2005 novel by Ryan Gattis

Kung Fu High School is an action/romance novel written by Ryan Gattis, his second novel, and published by Harvest Books, a subsidiary of Harcourt Books. The book explores the mind of a young girl named Jen who, along with her brother Cue and legendary martial artist cousin, Jimmy Chang, attends Kung Fu High School, where a powerful drug kingpin named Ridley pits all students against each other in order to maintain control over his corrupt business he runs using the students he controls. Jimmy Chang, just having come from the most prestigious martial arts academy in Hong Kong with a record of 2,412 wins and zero losses and no hits scored on him on all of his tournaments, is pulled into the mess that is Kung Fu High School, and Jen's life. However, Jimmy has promised his mother never to engage in a fight, after leaving four thugs on the ground during an attempted assault. The only thing wrong with that promise, is the fact that Kung Fu High School's acceptance rule is to get "kicked in", a violent ritual where all students, being a martial artist in one way or another, gang up to beat on people, and nobody, not even the legendary Jimmy Chang, can get past this rule.

==Plot==
Jen, a teenage girl, and her brother Kyuzo, or Cue as she calls him, attend Martin Luther King High School, nicknamed "Kung Fu High School". However, due to the notorious Ridley's drug trafficking through the school, it has become a rundown war zone for both his workers and those who despise him.

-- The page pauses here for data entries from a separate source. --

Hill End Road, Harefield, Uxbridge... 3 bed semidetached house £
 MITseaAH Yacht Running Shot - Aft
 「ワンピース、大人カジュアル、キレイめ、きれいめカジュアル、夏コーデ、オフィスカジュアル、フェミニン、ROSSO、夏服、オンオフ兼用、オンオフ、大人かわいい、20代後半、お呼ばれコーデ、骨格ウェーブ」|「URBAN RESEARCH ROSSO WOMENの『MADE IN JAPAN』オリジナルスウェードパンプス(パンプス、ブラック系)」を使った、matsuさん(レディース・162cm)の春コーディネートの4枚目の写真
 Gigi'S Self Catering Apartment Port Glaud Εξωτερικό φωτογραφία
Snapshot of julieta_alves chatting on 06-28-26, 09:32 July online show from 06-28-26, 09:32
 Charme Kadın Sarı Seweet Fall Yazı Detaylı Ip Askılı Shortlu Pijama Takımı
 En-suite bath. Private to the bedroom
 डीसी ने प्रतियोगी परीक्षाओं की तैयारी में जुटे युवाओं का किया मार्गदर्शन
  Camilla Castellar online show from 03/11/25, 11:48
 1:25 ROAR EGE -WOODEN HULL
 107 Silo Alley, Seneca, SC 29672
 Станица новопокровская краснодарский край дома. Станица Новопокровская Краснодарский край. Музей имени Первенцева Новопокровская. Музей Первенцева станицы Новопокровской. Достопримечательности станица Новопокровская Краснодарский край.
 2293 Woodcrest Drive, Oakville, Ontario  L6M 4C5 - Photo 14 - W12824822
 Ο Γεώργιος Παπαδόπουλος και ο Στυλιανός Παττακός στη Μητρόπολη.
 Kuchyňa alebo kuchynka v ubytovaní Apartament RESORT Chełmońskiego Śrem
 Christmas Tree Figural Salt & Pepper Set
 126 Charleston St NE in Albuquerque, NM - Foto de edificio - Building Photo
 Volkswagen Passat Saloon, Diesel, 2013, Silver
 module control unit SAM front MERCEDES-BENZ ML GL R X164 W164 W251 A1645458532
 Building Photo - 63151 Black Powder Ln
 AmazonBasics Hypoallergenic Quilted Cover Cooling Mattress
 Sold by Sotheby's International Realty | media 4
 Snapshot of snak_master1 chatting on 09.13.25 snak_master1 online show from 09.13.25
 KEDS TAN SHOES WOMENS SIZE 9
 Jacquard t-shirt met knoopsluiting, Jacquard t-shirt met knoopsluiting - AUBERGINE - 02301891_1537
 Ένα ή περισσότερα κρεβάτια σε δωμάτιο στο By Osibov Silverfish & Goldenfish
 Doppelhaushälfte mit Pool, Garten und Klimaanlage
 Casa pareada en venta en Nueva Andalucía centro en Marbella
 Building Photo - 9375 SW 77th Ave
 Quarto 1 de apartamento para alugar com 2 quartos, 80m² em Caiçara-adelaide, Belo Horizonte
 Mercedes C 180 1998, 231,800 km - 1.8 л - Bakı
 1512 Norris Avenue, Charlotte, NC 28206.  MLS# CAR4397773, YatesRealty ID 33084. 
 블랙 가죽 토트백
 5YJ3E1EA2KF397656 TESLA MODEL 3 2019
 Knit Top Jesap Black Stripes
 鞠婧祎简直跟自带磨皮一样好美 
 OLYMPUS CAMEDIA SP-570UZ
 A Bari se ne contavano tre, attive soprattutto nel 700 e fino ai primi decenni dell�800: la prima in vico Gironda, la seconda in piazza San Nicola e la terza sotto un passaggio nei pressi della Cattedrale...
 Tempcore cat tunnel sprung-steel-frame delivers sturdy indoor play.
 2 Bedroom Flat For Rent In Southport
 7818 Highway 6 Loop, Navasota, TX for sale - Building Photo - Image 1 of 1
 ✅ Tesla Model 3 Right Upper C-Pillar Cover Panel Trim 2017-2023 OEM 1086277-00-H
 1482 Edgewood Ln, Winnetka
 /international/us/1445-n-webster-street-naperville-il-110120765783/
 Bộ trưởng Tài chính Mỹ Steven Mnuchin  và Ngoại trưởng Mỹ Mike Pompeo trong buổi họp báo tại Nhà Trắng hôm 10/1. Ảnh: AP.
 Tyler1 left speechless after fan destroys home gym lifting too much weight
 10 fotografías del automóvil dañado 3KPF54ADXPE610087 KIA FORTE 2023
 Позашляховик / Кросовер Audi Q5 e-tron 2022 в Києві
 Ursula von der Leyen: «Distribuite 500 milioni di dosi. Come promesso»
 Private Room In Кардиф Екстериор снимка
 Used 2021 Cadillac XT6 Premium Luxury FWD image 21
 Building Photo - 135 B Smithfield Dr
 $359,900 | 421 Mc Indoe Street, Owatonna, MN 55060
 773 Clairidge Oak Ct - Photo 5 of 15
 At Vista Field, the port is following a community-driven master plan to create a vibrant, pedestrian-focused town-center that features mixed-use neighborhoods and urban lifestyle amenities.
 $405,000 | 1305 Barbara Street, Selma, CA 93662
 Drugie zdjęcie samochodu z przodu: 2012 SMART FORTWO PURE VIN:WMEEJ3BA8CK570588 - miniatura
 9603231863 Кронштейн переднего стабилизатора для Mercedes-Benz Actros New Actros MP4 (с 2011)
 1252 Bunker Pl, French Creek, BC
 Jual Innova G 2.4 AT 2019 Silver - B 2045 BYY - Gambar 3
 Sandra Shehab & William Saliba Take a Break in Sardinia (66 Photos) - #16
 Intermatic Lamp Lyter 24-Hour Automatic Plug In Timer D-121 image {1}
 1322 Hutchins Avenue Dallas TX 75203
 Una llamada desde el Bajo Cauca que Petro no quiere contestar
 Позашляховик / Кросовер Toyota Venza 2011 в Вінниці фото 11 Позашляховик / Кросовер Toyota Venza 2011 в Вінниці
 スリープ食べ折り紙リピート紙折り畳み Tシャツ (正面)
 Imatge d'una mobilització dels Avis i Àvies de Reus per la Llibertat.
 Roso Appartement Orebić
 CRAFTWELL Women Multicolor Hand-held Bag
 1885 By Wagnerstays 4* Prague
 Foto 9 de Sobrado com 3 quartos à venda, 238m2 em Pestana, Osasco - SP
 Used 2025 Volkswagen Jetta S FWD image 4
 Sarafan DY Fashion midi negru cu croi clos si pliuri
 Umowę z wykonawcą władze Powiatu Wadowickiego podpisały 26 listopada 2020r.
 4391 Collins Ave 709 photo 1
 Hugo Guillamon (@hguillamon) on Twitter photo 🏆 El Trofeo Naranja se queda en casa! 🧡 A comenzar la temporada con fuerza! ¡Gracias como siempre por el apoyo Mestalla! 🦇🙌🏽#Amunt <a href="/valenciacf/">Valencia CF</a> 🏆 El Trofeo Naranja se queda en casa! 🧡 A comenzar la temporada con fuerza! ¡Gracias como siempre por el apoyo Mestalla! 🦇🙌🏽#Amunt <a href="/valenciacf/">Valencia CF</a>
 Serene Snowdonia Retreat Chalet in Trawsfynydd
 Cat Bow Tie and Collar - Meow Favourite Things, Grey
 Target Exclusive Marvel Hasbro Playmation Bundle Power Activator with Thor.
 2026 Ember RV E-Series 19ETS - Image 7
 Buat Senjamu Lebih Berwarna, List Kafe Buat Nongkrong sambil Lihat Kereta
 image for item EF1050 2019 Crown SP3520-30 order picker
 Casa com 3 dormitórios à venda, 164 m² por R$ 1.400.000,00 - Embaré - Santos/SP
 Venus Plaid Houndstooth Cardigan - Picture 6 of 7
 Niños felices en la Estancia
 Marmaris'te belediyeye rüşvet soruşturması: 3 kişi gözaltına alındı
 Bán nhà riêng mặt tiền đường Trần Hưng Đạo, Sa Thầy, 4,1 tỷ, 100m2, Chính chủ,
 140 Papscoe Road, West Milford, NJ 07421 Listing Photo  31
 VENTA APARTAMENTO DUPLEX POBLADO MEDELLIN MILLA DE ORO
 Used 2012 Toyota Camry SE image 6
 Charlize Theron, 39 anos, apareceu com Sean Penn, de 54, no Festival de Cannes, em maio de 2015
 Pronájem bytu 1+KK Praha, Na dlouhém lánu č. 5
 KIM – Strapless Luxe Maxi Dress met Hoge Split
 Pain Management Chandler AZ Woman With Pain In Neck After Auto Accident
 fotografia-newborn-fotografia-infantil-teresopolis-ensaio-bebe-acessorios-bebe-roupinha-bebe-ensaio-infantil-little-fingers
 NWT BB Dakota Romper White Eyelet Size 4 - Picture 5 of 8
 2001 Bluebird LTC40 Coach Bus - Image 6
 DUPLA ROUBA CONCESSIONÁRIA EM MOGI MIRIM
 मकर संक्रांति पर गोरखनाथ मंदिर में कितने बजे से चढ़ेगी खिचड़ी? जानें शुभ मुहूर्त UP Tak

The only things these students at Kung Fu have in common are their ability to fight, or rather survive, and the fact that they've all been "kicked in". A welcoming practice at Kung Fu where students are beaten by everyone in order to teach them they are in the school.

The story starts off with Jen living an already irregular life, having to literally put on armor before going to school. One day Jen's long-lost cousin Jimmy Chang arrives at her front door, sent by her late mother's sister.
==Film adaptation==
In October 2005 The Weinstein Company acquired the rights to the novel with Ernesto Foronda set to write the screenplay and Neal Edelstein and Mike Macari producing under their Macari/Edelstein production company.